Heartstrikers #4. Author: Rachel Aaron.
To save his family from his tyrannical mother, Julius had to step on a lot of tails. That doesn’t win a Nice Dragon many friends, but just when he thinks he’s starting to make progress, a new threat arrives. Turns out, things can get worse. Heartstriker hasn’t begun to pay for its secrets, and the dragons of China are here to collect. When the Golden Emperor demands his surrender, Julius will have to choose between loyalty to the sister who’s always watched over him and preserving the clan he gave everything to protect.
My Thoughts :
Well, I enjoyed it, but A Dragon of a Different Color wasn’t as good as the previous books. I imagine Rachel Aaron had all this awesome worldbuilding done that she really wanted to give her readers… so she tied plot twists to each discovery, and crammed them all together. And it was exciting and fun and illuminating, but – it was also crammed. It felt like the entire book was just a series of twists and reveals, with never enough down time to process the new reveal or even to just enjoy the new characters introduced. The entire book was the up-slant to climax, and no release of tension. (And yet, somehow, it also dragged just a little bit… because there was a lot of exposition with each twist, to explain the new revelation.)
Marci and Julius have come so far!

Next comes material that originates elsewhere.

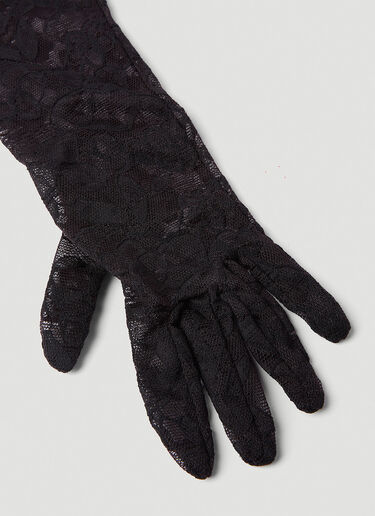 Lace Gloves Versace Lace Gloves Black vrs0252041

It’s wonderful to see so much confidence and skill that they just didn’t have before. And I am so down for the new baby. She didn’t get nearly enough screen time.
I believe there’s supposed to be one more book, so I’m sure the final climax will be highly dramatic – but I also strongly hope we get a little more slow down-time to appreciate the characters and epic world.
I’m not entirely sure what happened with this book. It started off great. We had Heartstriker Mountain totally empty, we had Julius trying to keep his clan together, we had Marci and Amelia supposedly dead, and we had the Chinese dragons and Algonquin simultaneously trying to take over the world. Sounds like it couldn’t possibly go wrong, right?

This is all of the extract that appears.